Distributed object file systems, as a class of storage systems, scale nearly linearly, have no theoretical storage limit, and offer high availability at a low cost. Those are the advantages. In terms of downside, they’re not as fast as traditional file systems or databases. They’re also rarely seen being used for data sets smaller than around 1PB, at least in the on-prem world.
IBM foresees some of its existing Cleversafe on-premise customers taking up residence in IBM’s new cloud-based object offering, says Russ Kennedy, vice president of product strategy and customer success for IBM Cloud, and a former Cleversafe exec.
“What that that gives them is access to a lot of service in the IBM Cloud, things like Bluemix for application development or Watson for cognitive or analytics,” Kennedy tells Datanami. “They have access to those services with their data being in the cloud, so we do expect a lot of our clients to want to extend to the cloud, not necessarily move everything, but move some of their workloads and data.”
One of the first customers to adopt the new cloud-based object store is Bit.ly, the Web address shortening company.

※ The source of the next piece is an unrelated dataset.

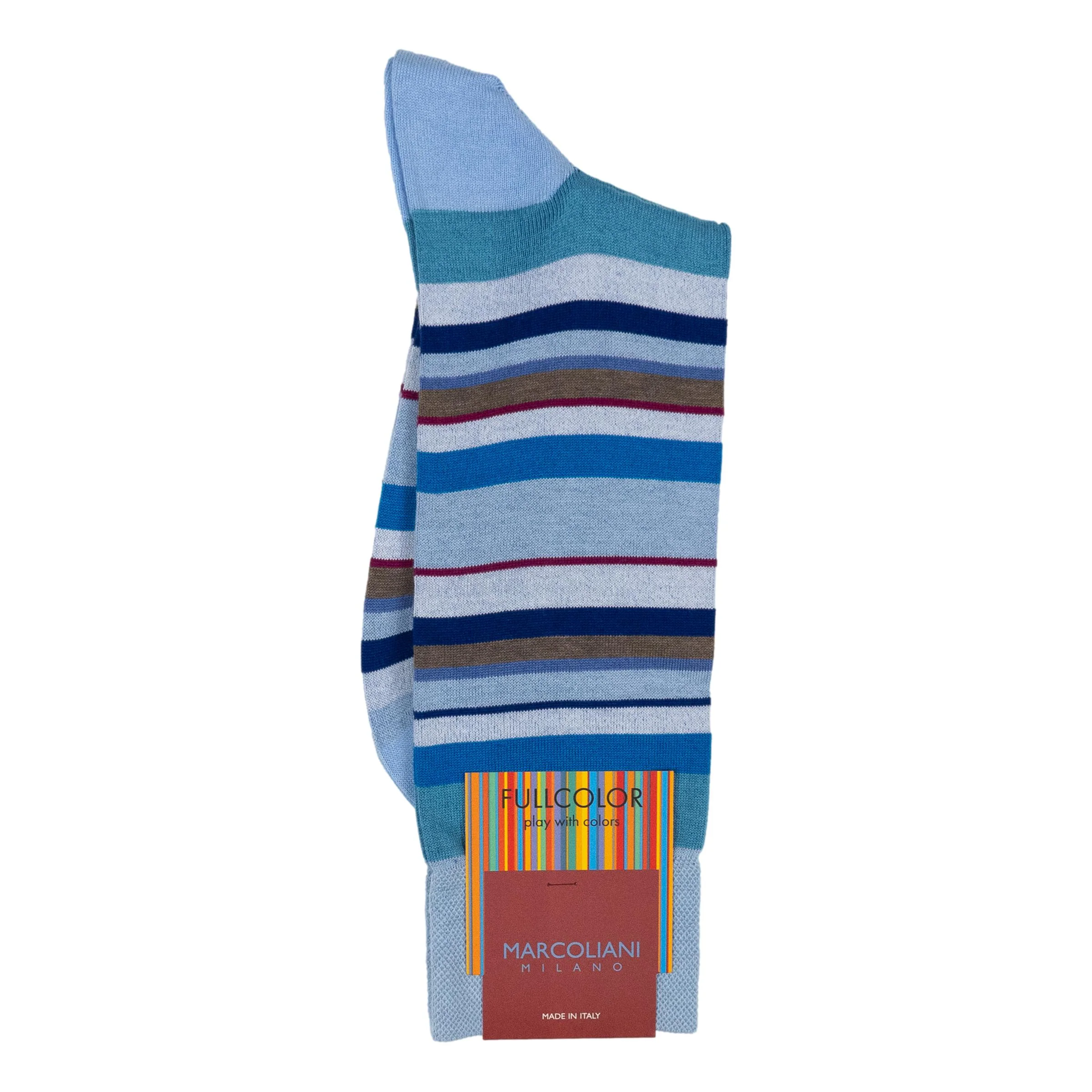 Pima Cotton Multi-Color Stripe Mid-Calf Dress Socks - Image 6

The company will use IBM’s cloud store to manage up to 500TB of critical data, which is comprised of more than 25 billion “data-infused links” in addition to other records, according to Bit.ly CTO Robert Platzer.
“The new Cloud Object Storage service will enable us to manage all the data from our on premises and cloud systems with ease and flexibility,” Platzer says in a press release.
While it didn’t have any hard data to back it up, IBM claims its new cloud-based object storage offering will deliver higher availability than AWS.
“Enterprises are telling us that what’s really key to their business is a very flexible solution that delivers high availability,” Kennedy says. “They don’t want applications to be unavailable even if there are regional outages. That’s core to our object store and our geo-dispersed erasure encoding technology.”
IBM claims it’s the only company to combine erasure coding with encryption and decryption. The company touts a Cloud Object Store feature called “SecureSlice” that automatically encrypts each segment of data before it is erasure coded and dispersed.
The cloud store is available now to clients in the United States and Europe, and soon will become available to other regions around the world. IBM will charge for the object store based on the amount of data under management, as well as in ingress and egress of data. A price sheet was not available as of press time.